Requirement:
Pictures are to be left out. Return exactly the lines below from the one with "Moto Morini Logo" up to and including the one with "Episode 45: Self-Doubt خودتردیدی".

Dataset content:
§ §

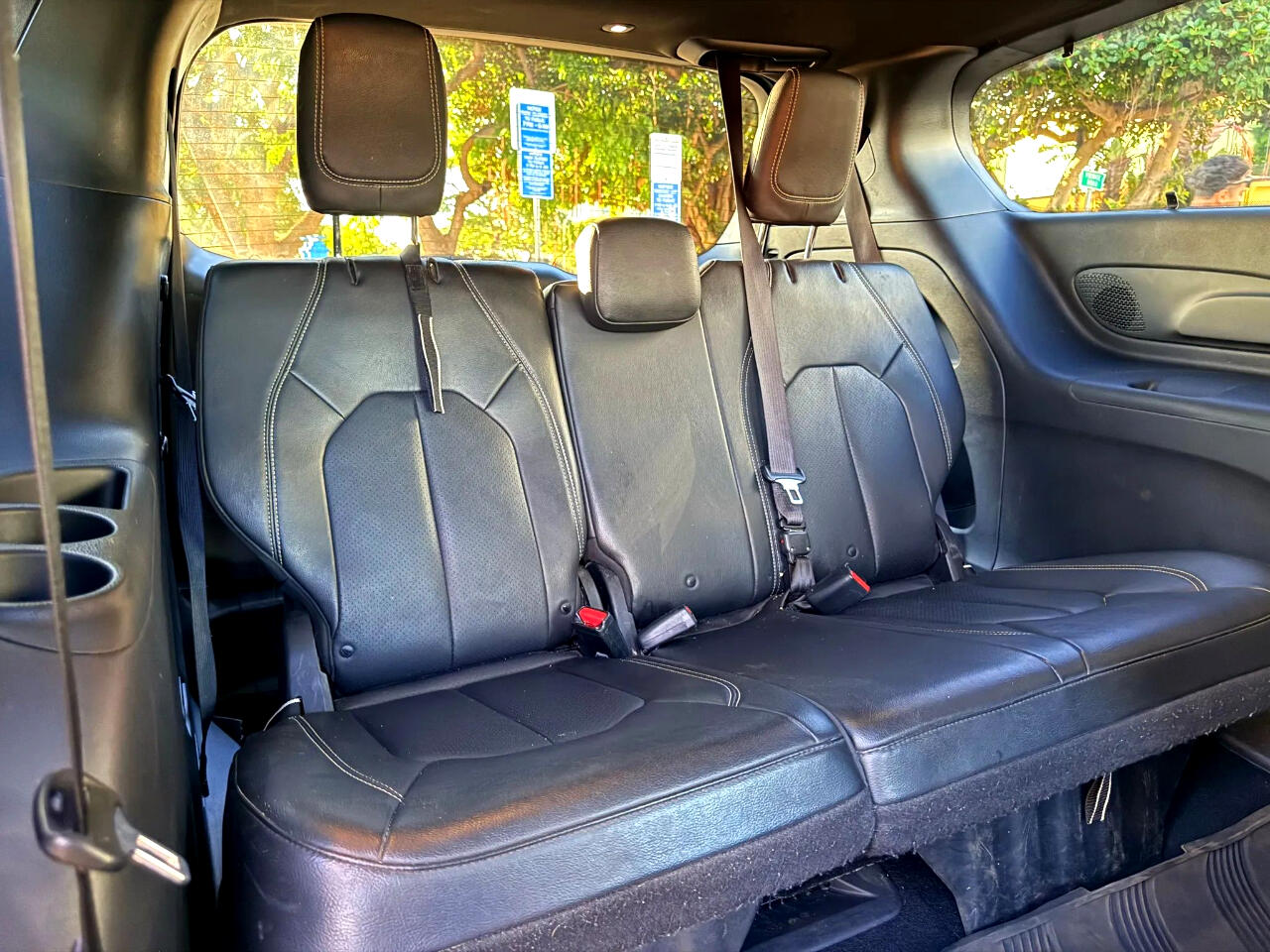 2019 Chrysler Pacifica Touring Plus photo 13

§ §

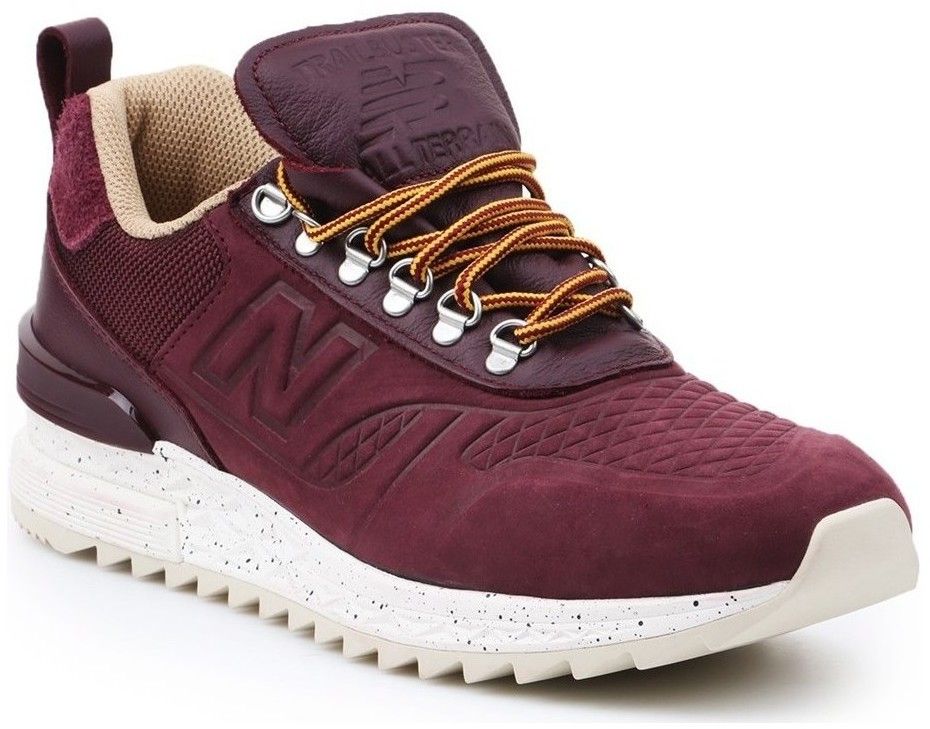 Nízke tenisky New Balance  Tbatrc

§ §

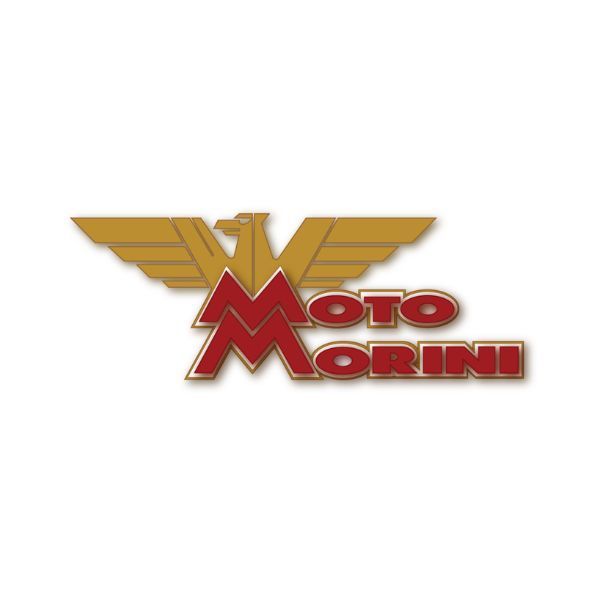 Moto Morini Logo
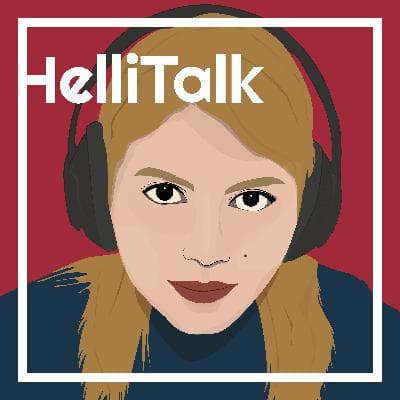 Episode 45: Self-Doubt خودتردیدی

§ §

Output for this exercise:
 Moto Morini Logo
 Episode 45: Self-Doubt خودتردیدی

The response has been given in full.